[Start of section]

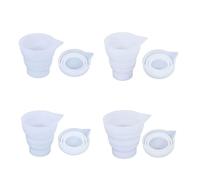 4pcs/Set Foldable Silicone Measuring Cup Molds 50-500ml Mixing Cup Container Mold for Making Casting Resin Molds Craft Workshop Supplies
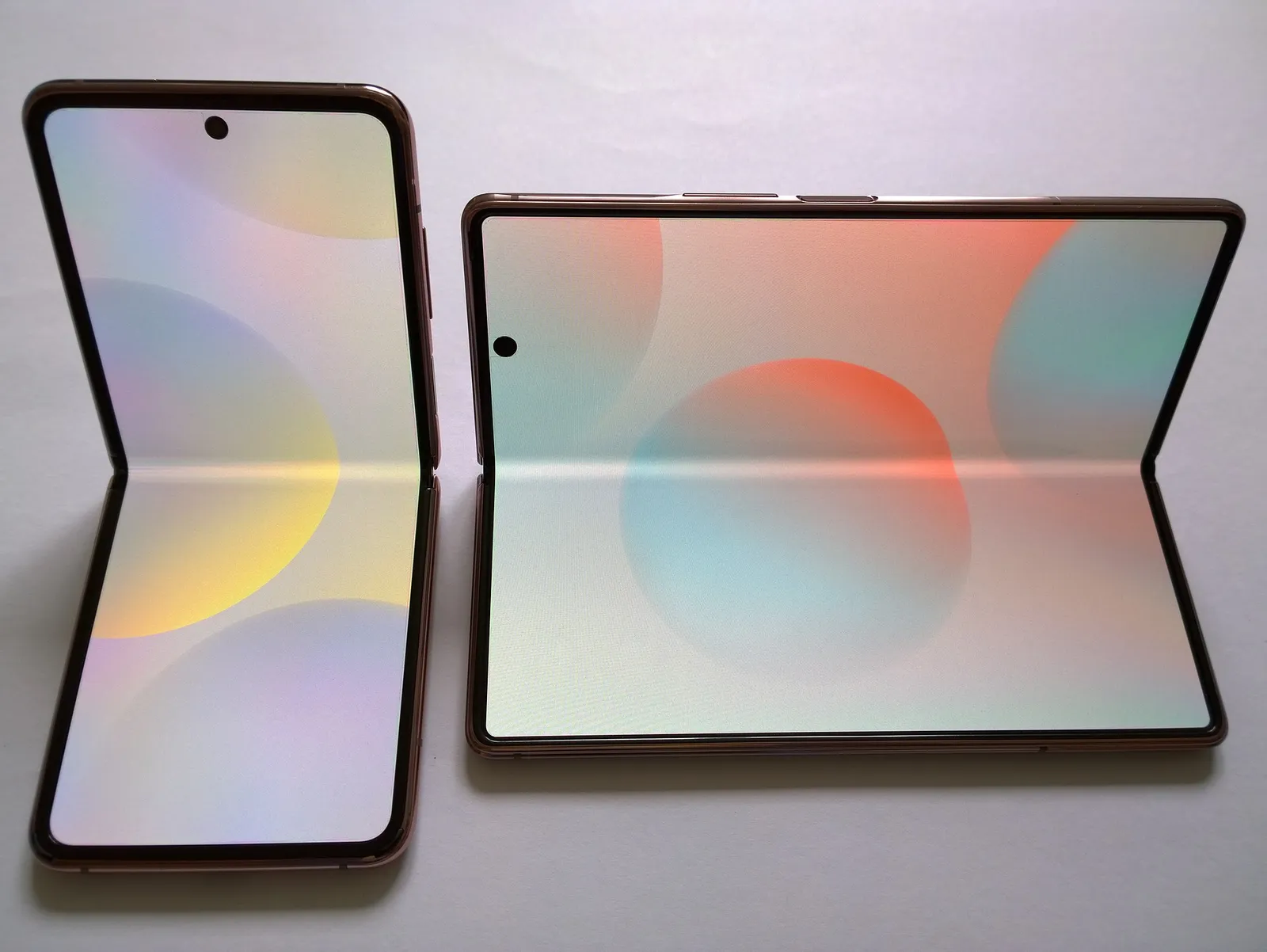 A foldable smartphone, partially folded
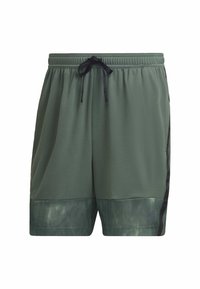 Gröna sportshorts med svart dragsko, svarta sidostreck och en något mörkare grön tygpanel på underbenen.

[End of section]

## Your objective
Retype the data exactly as it stands, but keep the images out of your copy.

## Answer section
 4pcs/Set Foldable Silicone Measuring Cup Molds 50-500ml Mixing Cup Container Mold for Making Casting Resin Molds Craft Workshop Supplies
 A foldable smartphone, partially folded
 Gröna sportshorts med svart dragsko, svarta sidostreck och en något mörkare grön tygpanel på underbenen.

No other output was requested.